From: Suren Baghdasaryan <surenb@google.com>
To: Lorenzo Stoakes <lorenzo.stoakes@oracle.com>
Cc: Matthew Wilcox <willy@infradead.org>,
Vlastimil Babka <vbabka@suse.cz>,
Andrew Morton <akpm@linux-foundation.org>,
linux-mm@kvack.org,
syzbot+5b19bad23ac7f44bf8b8@syzkaller.appspotmail.com,
"Liam R. Howlett" <Liam.Howlett@oracle.com>
Subject: Re: [PATCH] mm: fix vma_start_write_killable() signal handling
Date: Wed, 26 Nov 2025 08:11:16 -0800 [thread overview]
Message-ID: <CAJuCfpEajhjsT0Y5sYiNGALUDMr+t3A=VvqsVzgYUvkHLdTW3g@mail.gmail.com> (raw)

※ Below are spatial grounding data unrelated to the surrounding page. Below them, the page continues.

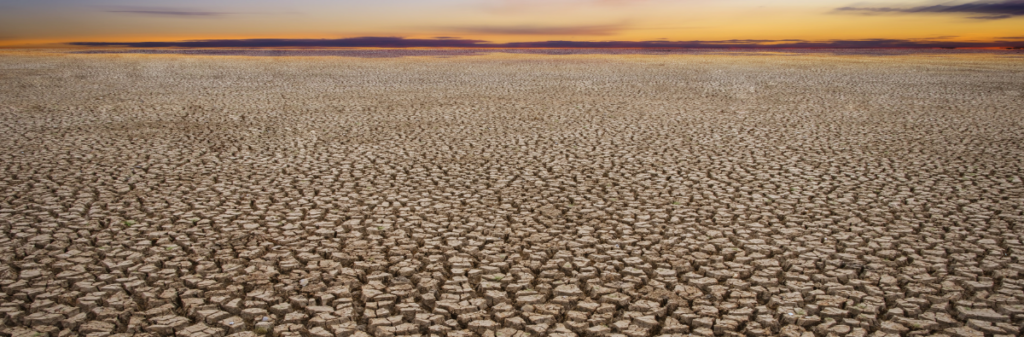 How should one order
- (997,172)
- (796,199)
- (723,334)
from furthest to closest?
(997,172) < (796,199) < (723,334)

In-Reply-To: <3d069afd-a19e-4ee7-bbb9-7d15b065ab1f@lucifer.local>
On Wed, Nov 26, 2025 at 8:01 AM Lorenzo Stoakes
<lorenzo.stoakes@oracle.com> wrote:
>
> On Wed, Nov 26, 2025 at 07:49:13AM -0800, Suren Baghdasaryan wrote:
> > On Wed, Nov 26, 2025 at 7:20 AM Lorenzo Stoakes
> > <lorenzo.stoakes@oracle.com> wrote:
> > >
> > > On Wed, Nov 26, 2025 at 03:05:44PM +0000, Matthew Wilcox wrote:
> > > > On Wed, Nov 26, 2025 at 03:36:46PM +0100, Vlastimil Babka wrote:
> > > > > On 11/26/25 5:28 AM, Suren Baghdasaryan wrote:
> > > > > >> Suren, Liam, Vlastimil, Lorenzo ... none of you spotted this bug.
> > > > > >
> > > > > > Doh! This is embarassing...
> > > > >
> > > > > Hand-rolled synchronization primitives are wonderful, aren't they?
> > > >
> > > > That's why I liked the original approach of just using rwsems. I
> > > > mst admit to having not paid attention to this recently so I don't
> > > > know what motivated the change.
> >
> > That made it simpler to add SLAB_TYPESAFE_BY_RCU for vm_area_structs
> > which improved the performance of allocating these structs during
> > calls like mmap and fork.
>
> Hmm, we doubled down :)
>
> Hope the wins were worth the complexity, but obviously the horse has bolted
> and I should have asked more about it at the time...
>
> >
> > > >
> > > > > > Wait, why do we consider this as a successful acquisition? The
> > > > > > vm_refcnt is 0, so this is similar situation to an earlier:
> > > > > >
> > > > > > if (!refcount_add_not_zero(VMA_LOCK_OFFSET, &vma->vm_refcnt))
> > > > > > return 0;
> > > > >
> > > > > But this means "vma is not attached" not "we failed to lock it".
> > > > >
> > > > > > IOW, the vma is not referenced, so we failed to lock it. I think the
> > > > > > fix should be:
> > > > > >
> > > > > > if (err) {
> > > > > > + if (refcount_sub_and_test(VMA_LOCK_OFFSET, &vma->vm_refcnt)) {
> > > > > > + /* Oh cobblers. While we got a fatal signal, we
> > > > > > + * raced with the last user. VMA is not referenced,
> > > > > > + * fail to lock it.
> > > > > > + */
> > > > > > + err = 0;
> > > > >
> > > > > Returning 0 in this situation therefore wouldn't be correct.
> > > > >
> > > > > AFAIU since we started with attached vma above, it's not possible that
> > > > > the refcount_sub_and_test here will drop the refcnt to zero. We could
> > > > > just WARN_ON_ONCE() on the result (in a way to make also the
> > > > > __must_check happy) and then can return err below.
> > > >
> > > > But how do we know that we started with an attached VMA? Maybe the VMA
> > > > was in the process of being detached and still has readers?
> > >
> > > So we're talking about:
> > >
> > > vma_mark_deteched()
> > > -> refcount_dec_and_test() [ ref count is zero ]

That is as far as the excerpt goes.